The easiest way to strip a geometry column off an sf data
frame is via the function atomic_elem()
, which removes
list-like columns and, by default, also the class attribute. For
example, we can create a data.table without list column
using
qDT(atomic_elem(nc)) |> head()
# AREA PERIMETER CNTY_ CNTY_ID NAME FIPS FIPSNO CRESS_ID BIR74 SID74 NWBIR74 BIR79 SID79
# <num> <num> <num> <num> <char> <char> <num> <int> <num> <num> <num> <num> <num>
# 1: 0.114 1.442 1825 1825 Ashe 37009 37009 5 1091 1 10 1364 0
# 2: 0.061 1.231 1827 1827 Alleghany 37005 37005 3 487 0 10 542 3
# 3: 0.143 1.630 1828 1828 Surry 37171 37171 86 3188 5 208 3616 6
# 4: 0.070 2.968 1831 1831 Currituck 37053 37053 27 508 1 123 830 2
# 5: 0.153 2.206 1832 1832 Northampton 37131 37131 66 1421 9 1066 1606 3
# 6: 0.097 1.670 1833 1833 Hertford 37091 37091 46 1452 7 954 1838 5
# NWBIR79
# <num>
# 1: 19
# 2: 12
# 3: 260
# 4: 145
# 5: 1197
# 6: 1237
This is also handy for other functions such as join()
and pivot()
, which are class agnostic like all of
collapse, but do not have any built-in logic to deal with the
sf column.
# Use atomic_elem() to strip geometry off y in left join
identical(nc, join(nc, atomic_elem(nc), overid = 2))

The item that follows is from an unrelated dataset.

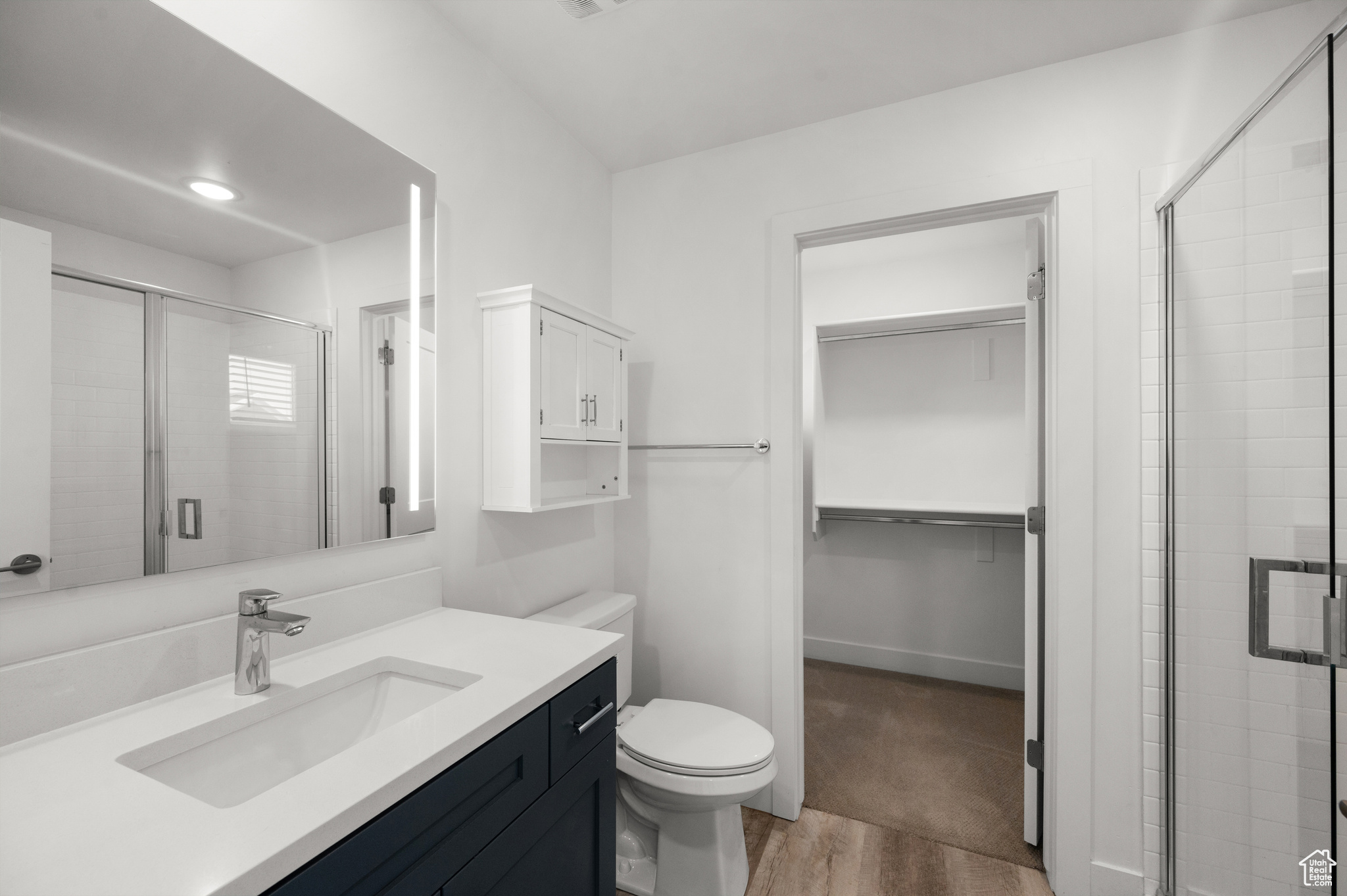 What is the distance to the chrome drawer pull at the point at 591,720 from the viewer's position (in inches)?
43.6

# left join: nc[AREA, PERIMETER, CNTY_, CNTY_ID, NAME, FIPS, FIPSNO, CRESS_ID, BIR74, SID74, NWBIR74, BIR79, SID79, NWBIR79] 100/100 (100%) <m:m> y[AREA, PERIMETER, CNTY_, CNTY_ID, NAME, FIPS, FIPSNO, CRESS_ID, BIR74, SID74, NWBIR74, BIR79, SID79, NWBIR79] 100/100 (100%)
# [1] TRUE
# In pivot: presently need to specify what to do with geometry column
pivot(nc, c("CNTY_ID", "geometry")) |> head()

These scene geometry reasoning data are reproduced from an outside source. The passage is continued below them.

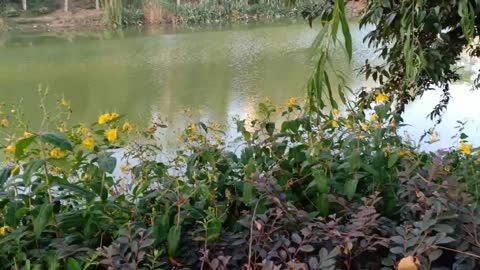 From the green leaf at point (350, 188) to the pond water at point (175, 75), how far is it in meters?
1.82

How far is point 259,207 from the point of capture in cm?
93

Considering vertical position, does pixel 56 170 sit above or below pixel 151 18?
above

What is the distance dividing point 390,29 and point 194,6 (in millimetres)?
15754

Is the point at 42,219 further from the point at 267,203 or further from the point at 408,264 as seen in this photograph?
the point at 408,264

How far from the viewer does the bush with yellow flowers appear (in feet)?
2.53

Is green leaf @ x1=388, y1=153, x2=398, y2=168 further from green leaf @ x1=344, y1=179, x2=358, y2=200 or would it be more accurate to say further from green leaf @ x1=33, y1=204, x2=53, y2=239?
green leaf @ x1=33, y1=204, x2=53, y2=239

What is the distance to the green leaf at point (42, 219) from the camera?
0.87m

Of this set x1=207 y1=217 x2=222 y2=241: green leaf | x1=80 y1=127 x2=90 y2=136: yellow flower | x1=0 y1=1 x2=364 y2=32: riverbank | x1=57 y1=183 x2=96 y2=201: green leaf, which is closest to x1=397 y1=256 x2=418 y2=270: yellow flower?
x1=207 y1=217 x2=222 y2=241: green leaf

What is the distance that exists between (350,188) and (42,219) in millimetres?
536

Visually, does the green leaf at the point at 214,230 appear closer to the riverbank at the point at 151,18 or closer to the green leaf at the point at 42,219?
the green leaf at the point at 42,219

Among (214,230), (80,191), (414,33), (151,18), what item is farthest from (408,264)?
(151,18)

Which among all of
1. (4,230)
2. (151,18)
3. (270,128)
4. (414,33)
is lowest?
(151,18)

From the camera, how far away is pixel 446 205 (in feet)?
2.55

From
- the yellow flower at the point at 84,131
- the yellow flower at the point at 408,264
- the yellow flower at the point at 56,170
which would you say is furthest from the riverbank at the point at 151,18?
the yellow flower at the point at 408,264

# Simple feature collection with 6 features and 3 fields
# Geometry type: MULTIPOLYGON
# Dimension: XY
# Bounding box: xmin: -81.74107 ymin: 36.07282 xmax: -75.77316 ymax: 36.58965
# Geodetic CRS: NAD27
# First 3 features:
# CNTY_ID geometry variable value
# 1 1825 MULTIPOLYGON (((-81.47276 3... AREA 0.114
# 2 1827 MULTIPOLYGON (((-81.23989 3... AREA 0.061
# 3 1828 MULTIPOLYGON (((-80.45634 3... AREA 0.143
# Or use
pivot(qDT(atomic_elem(nc)), "CNTY_ID") |> head()
# CNTY_ID variable value
# <num> <fctr> <char>
# 1: 1825 AREA 0.114
# 2: 1827 AREA 0.061
# 3: 1828 AREA 0.143
# 4: 1831 AREA 0.07
# 5: 1832 AREA 0.153
# 6: 1833 AREA 0.097
Support for units
Since v2.0.13, collapse explicitly supports/preserves units objects through dedicated methods that preserve the ‘units’ class wherever sensible.
nc_dist <- st_centroid(nc) |> st_distance()
nc_dist[1:3, 1:3]
# Units: [m]
# [,1] [,2] [,3]
# [1,] 0.00 34020.35 72728.02
# [2,] 34020.35 0.00 40259.55
# [3,] 72728.02 40259.55 0.00
fmean(nc_dist) |> head()
# Units: [m]
# [1] 250543.9 237040.0 217941.5 337016.5 250380.2 269604.6
fndistinct(nc_dist) |> head()
# [1] 100 100 100 100 100 100
Conclusion
collapse provides no deep integration with the sf ecosystem and cannot perform spatial operations, but offers sufficient features and flexibility to painlessly manipulate sf data frames at much greater speeds than dplyr.
This requires a bit of care by the user though to ensure that the returned sf objects are valid, especially following aggregation and subsetting.